_Dataset entries_.
• • • •
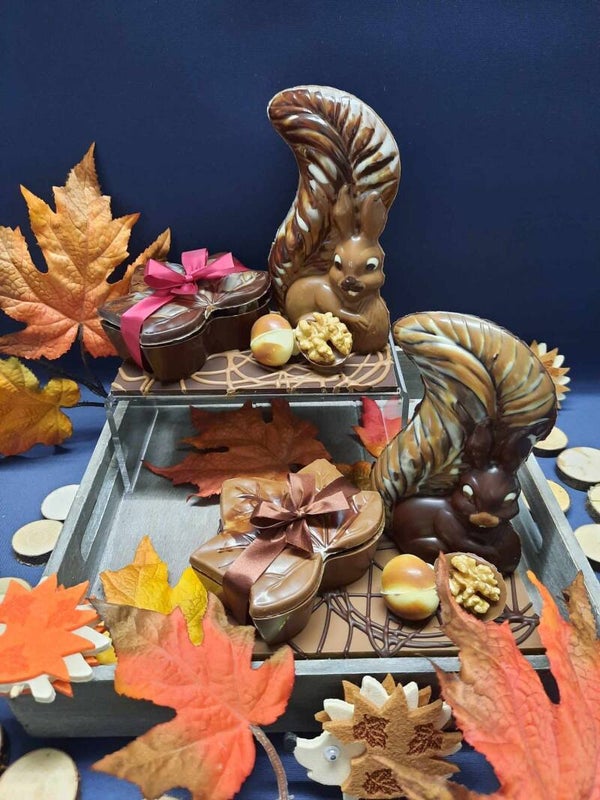 Herfstblad + Eekhoorn (*)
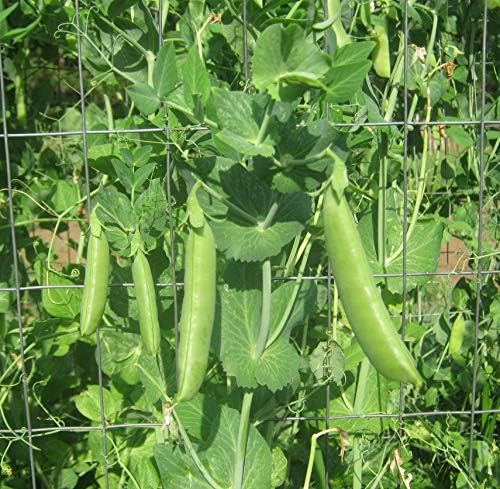 60 semillas de guisantes de azúcar para plantar reliquia sin OMG, más de 0.49 oz de supervivencia a granel de vegetales de jardín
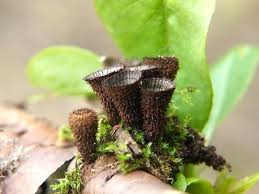 Attēlu rezultāti vaicājumam “Cyathus striatus”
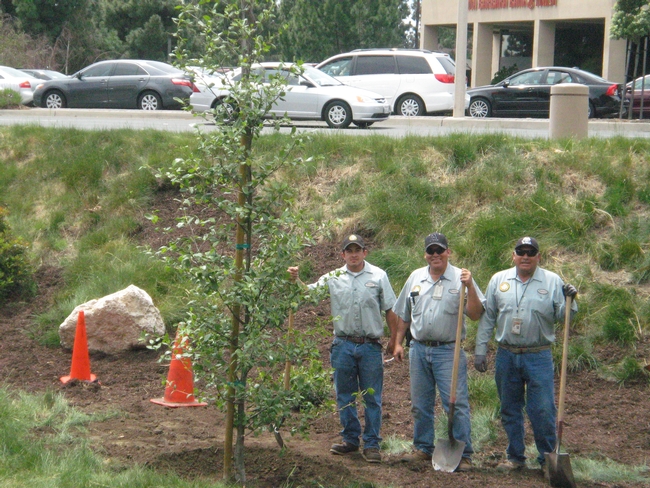 The County of Ventura Landscape Division reduces future labor, replacement, pest management and water costs, by planting the right plant in the right spot. These choices include the California native shown above, which thrives under low-water conditions and the occasional wet conditions the tree will experience in this bioswale.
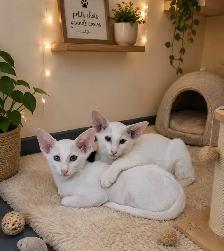 Chatons oriental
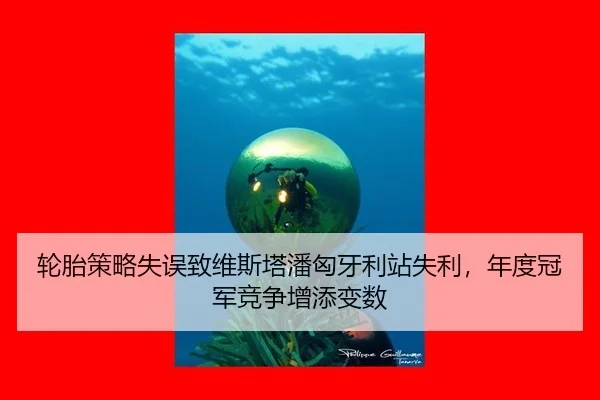 lun-tai-ce-lve-shi-wu-zhi-wei-si-ta-pan-xiong-ya-li-zhan-shi-li-nian-du-guan-jun-jing-zheng-zeng-tian-bian-shu-3-902.jpg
• • • •
Verbatim reproduction of every entry is needed, with the images left out.

 Herfstblad + Eekhoorn (*)
 60 semillas de guisantes de azúcar para plantar reliquia sin OMG, más de 0.49 oz de supervivencia a granel de vegetales de jardín
 Attēlu rezultāti vaicājumam “Cyathus striatus”
 The County of Ventura Landscape Division reduces future labor, replacement, pest management and water costs, by planting the right plant in the right spot. These choices include the California native shown above, which thrives under low-water conditions and the occasional wet conditions the tree will experience in this bioswale.
 Chatons oriental
 lun-tai-ce-lve-shi-wu-zhi-wei-si-ta-pan-xiong-ya-li-zhan-shi-li-nian-du-guan-jun-jing-zheng-zeng-tian-bian-shu-3-902.jpg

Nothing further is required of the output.